Generais da GNR para comandar a GNR

Generais da GNR para comandar a GNR

. Veloso e Silvério esperam há 27 anos, desde que acabaram o curso na Academia Militar, para fazer história e efetivar que Portugal deixe de ser o único país europeu em que uma força de segurança é comandada por oficiais do Exército.

Daqui a pouco mais de duas semanas, a GNR será pela primeira vez comandada por um oficial-general da carreira da Guarda. Rui Ribeiro Veloso e Paulo Silvério foram nesta semana promovidos a tenentes-generais, o mais alto posto da hierarquia, e vão ocupar os lugares de comandante-geral e segundo comandante-geral. Vão fazer história.

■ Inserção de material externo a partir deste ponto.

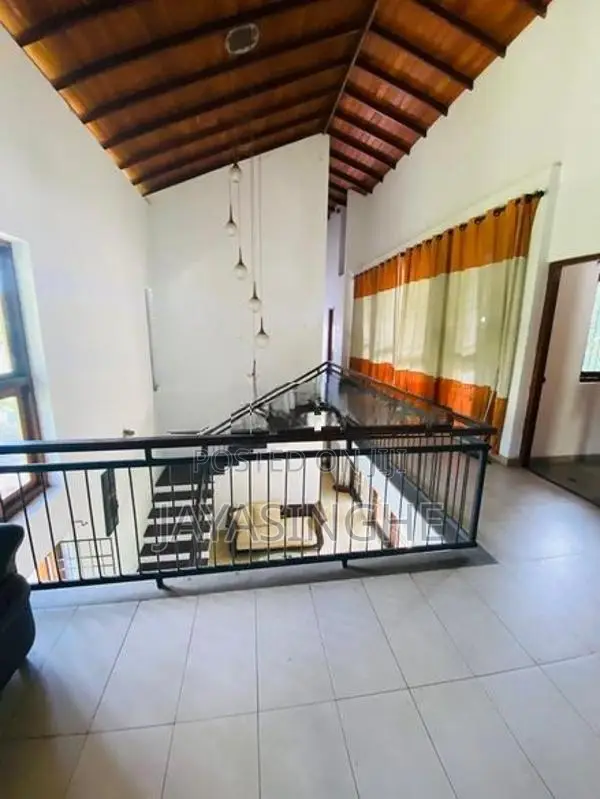 Luxurious Two-Storey Architectural House for Rent in Welivita, Kaduwel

Cento e doze anos desde a criação da GNR até 2023, para, pela primeira vez, generais da própria Guarda ascenderem ao topo da hierarquia.

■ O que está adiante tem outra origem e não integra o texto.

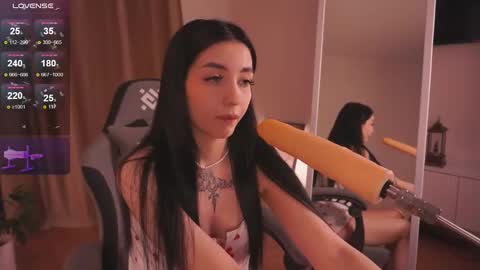 Snapshot of clooud_surfer chatting on February 2025 11:32:01 PM clooud_surfer online show from February 2025 11:32:01 PM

A enorme responsabilidade caberá a Rui Ribeiro Veloso e a Paulo Silvério, que vão ser o comandante-geral e o segundo comandante-geral (sem o respetivamente porque as nomeações não estão oficializadas).

Certo é que ambos foram promovidos nesta quarta-feira ao mais alto posto de tenente-general, em decreto assinado pelo Presidente da República, Marcelo Rebelo de Sousa, sob proposta do ministro da Administração Interna, José Luís Carneiro.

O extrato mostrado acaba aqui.